Task description
Output the entries below unchanged, except for the pictures.

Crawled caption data
=====

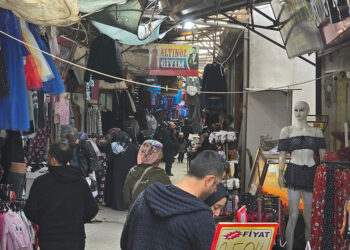 Uzun Çarşı'da ayakta kalan esnaf ramazan ayı yoğunluğu yaşıyor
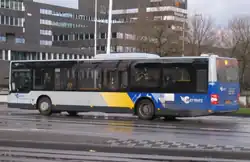 ​ ​ ​ ​ De laatste huisstijl van Hermes is grijs met als hoofdkleur met blauw vlak en gele/witte diagonale vlakken.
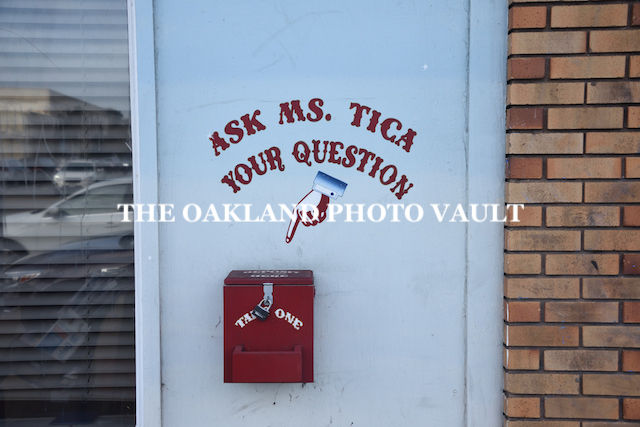 Oakland - Ask Ms. Tica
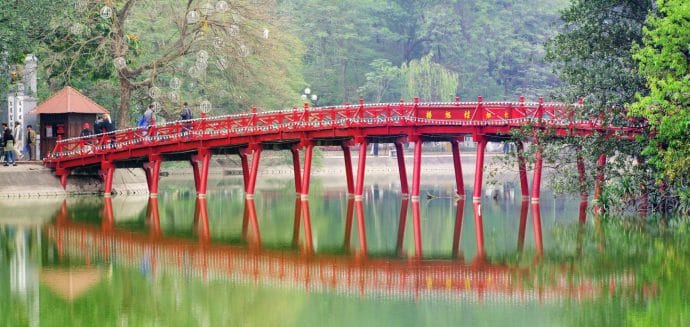 hoan kiem lake hanoi - vietnam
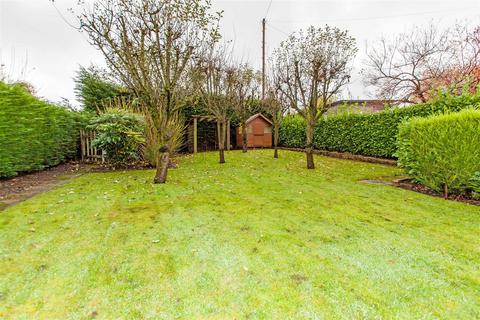 3 bedroom semi-detached house to rent, Main Street, Scarcliffe, Chesterfield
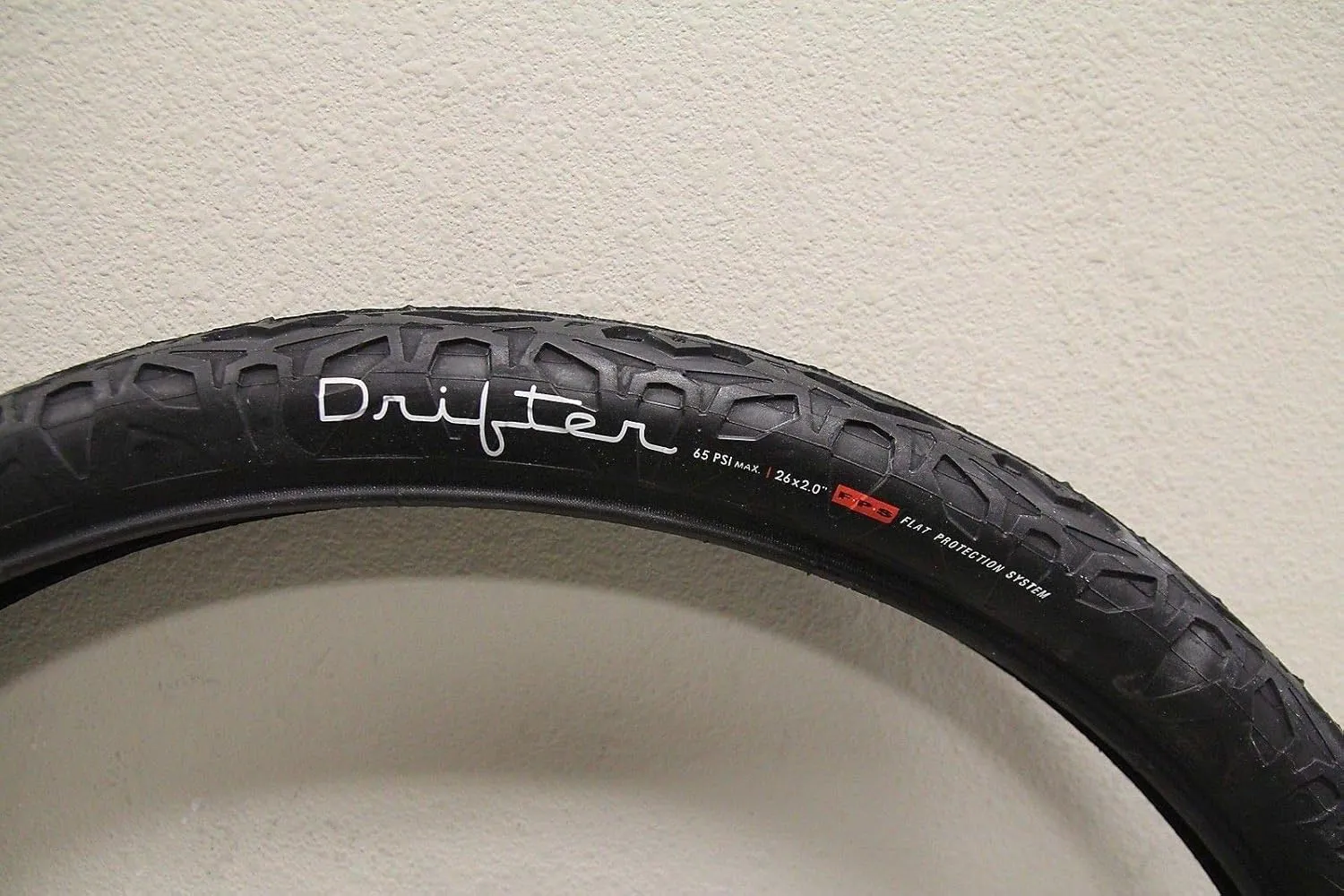 Serfas Drifter Tire with FPS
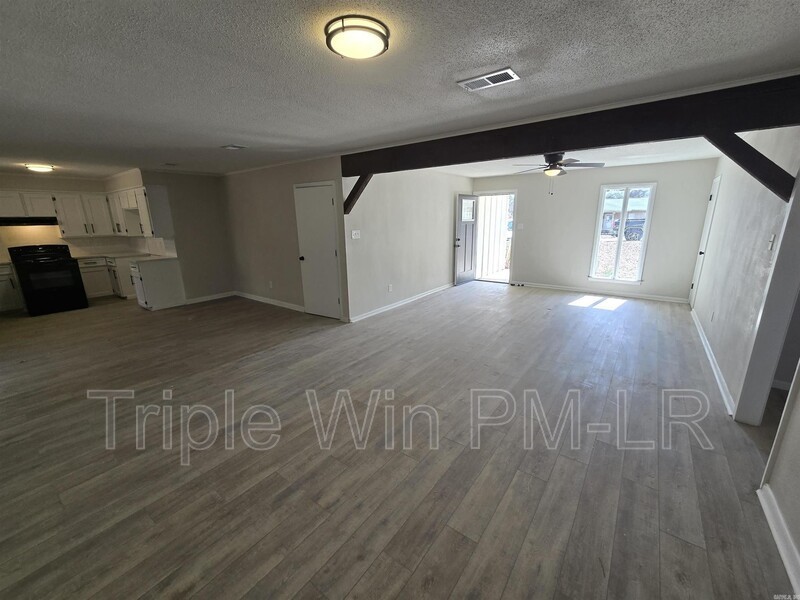 501 Bristol Dr - Photo 7 of 20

=====

Final answer
 Uzun Çarşı'da ayakta kalan esnaf ramazan ayı yoğunluğu yaşıyor
 ​ ​ ​ ​ De laatste huisstijl van Hermes is grijs met als hoofdkleur met blauw vlak en gele/witte diagonale vlakken.
 Oakland - Ask Ms. Tica
 hoan kiem lake hanoi - vietnam
 3 bedroom semi-detached house to rent, Main Street, Scarcliffe, Chesterfield
 Serfas Drifter Tire with FPS
 501 Bristol Dr - Photo 7 of 20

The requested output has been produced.